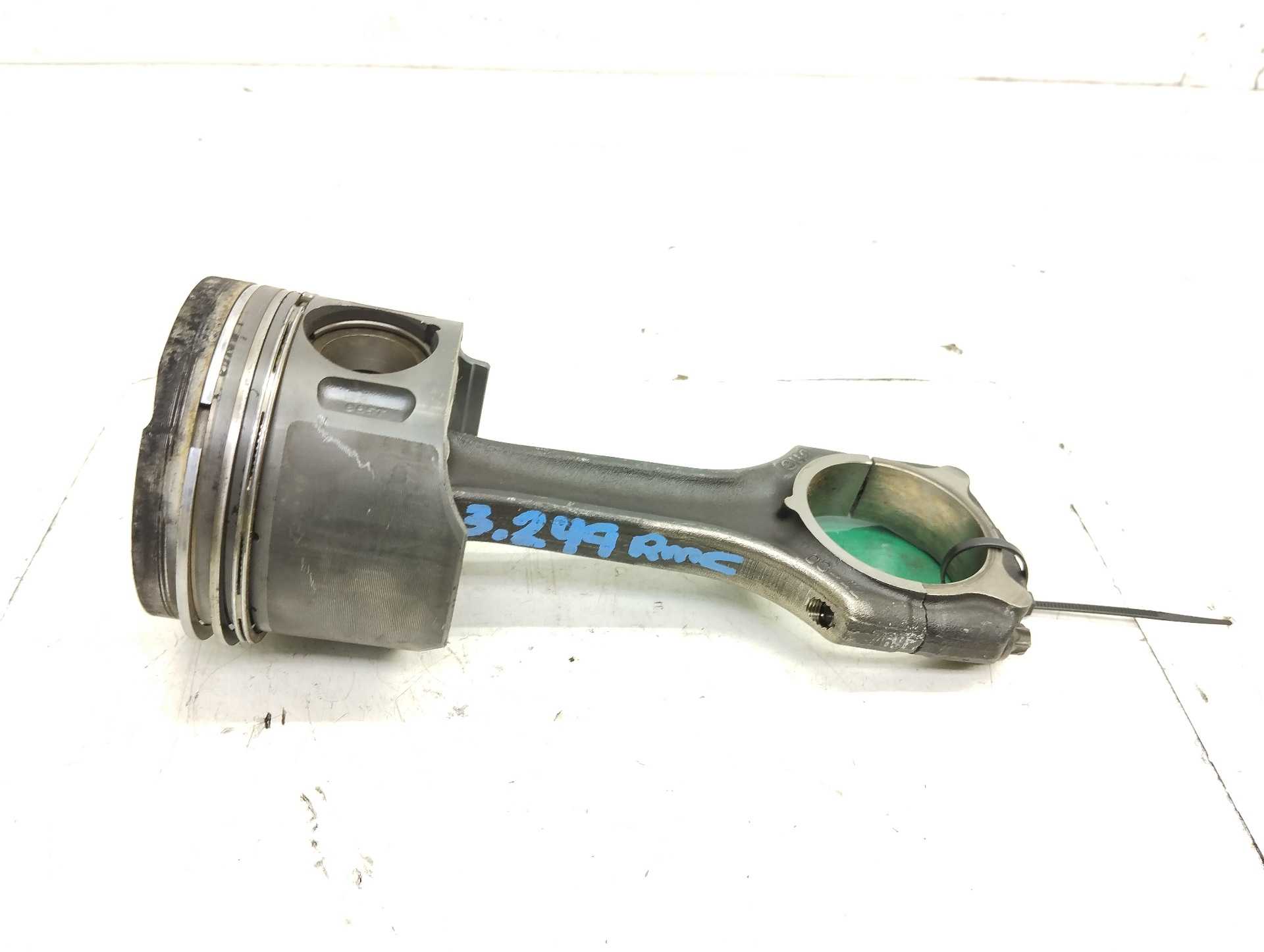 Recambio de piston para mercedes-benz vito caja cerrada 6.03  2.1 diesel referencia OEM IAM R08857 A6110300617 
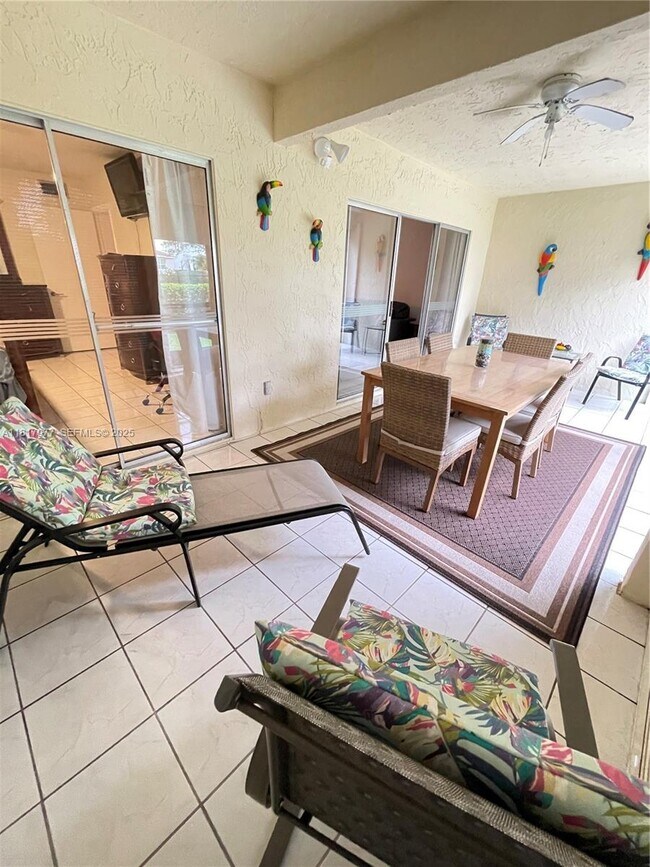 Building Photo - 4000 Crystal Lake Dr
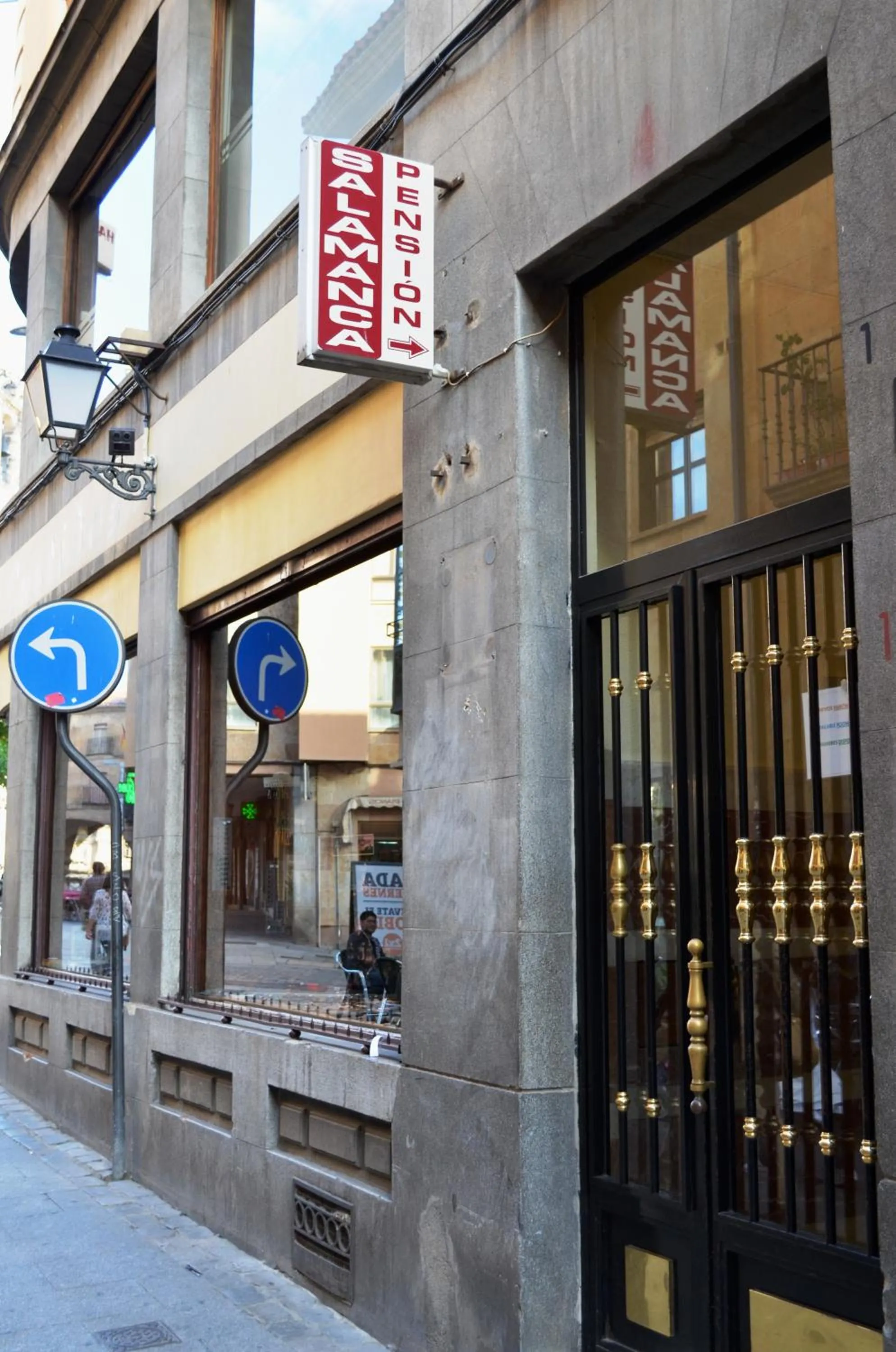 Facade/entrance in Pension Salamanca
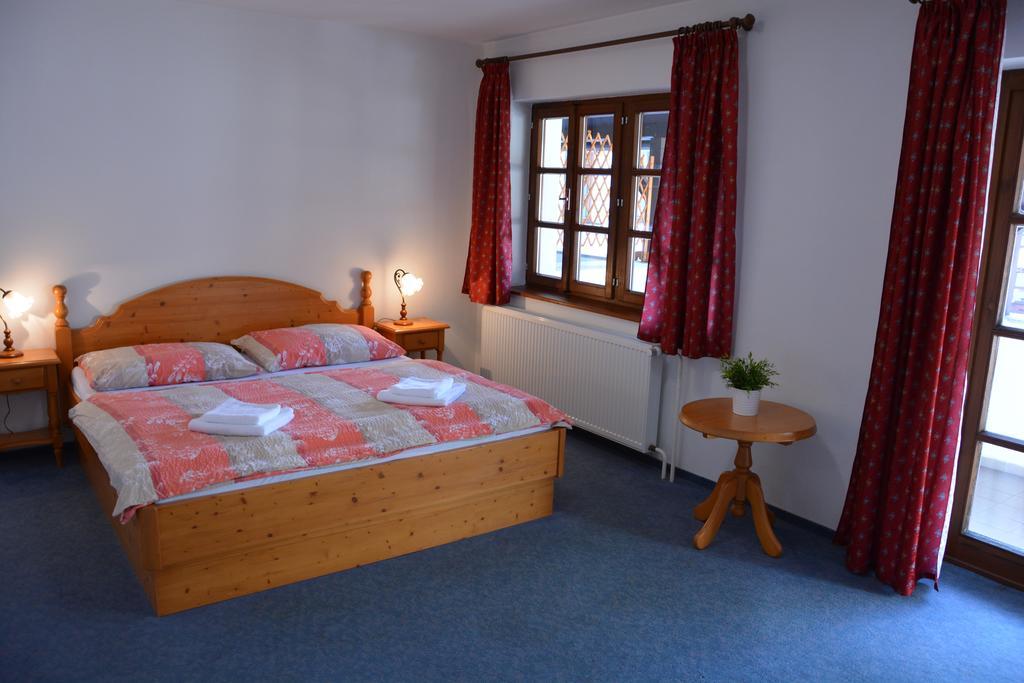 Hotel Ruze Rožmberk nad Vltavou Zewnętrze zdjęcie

════

▸ Exercise brief
Give again, word for word, only the lines from the line containing "Facade/entrance in Pension Salamanca" through the last line above, both included; leave the pictures out.

▸ Exercise solution
 Facade/entrance in Pension Salamanca
 Hotel Ruze Rožmberk nad Vltavou Zewnętrze zdjęcie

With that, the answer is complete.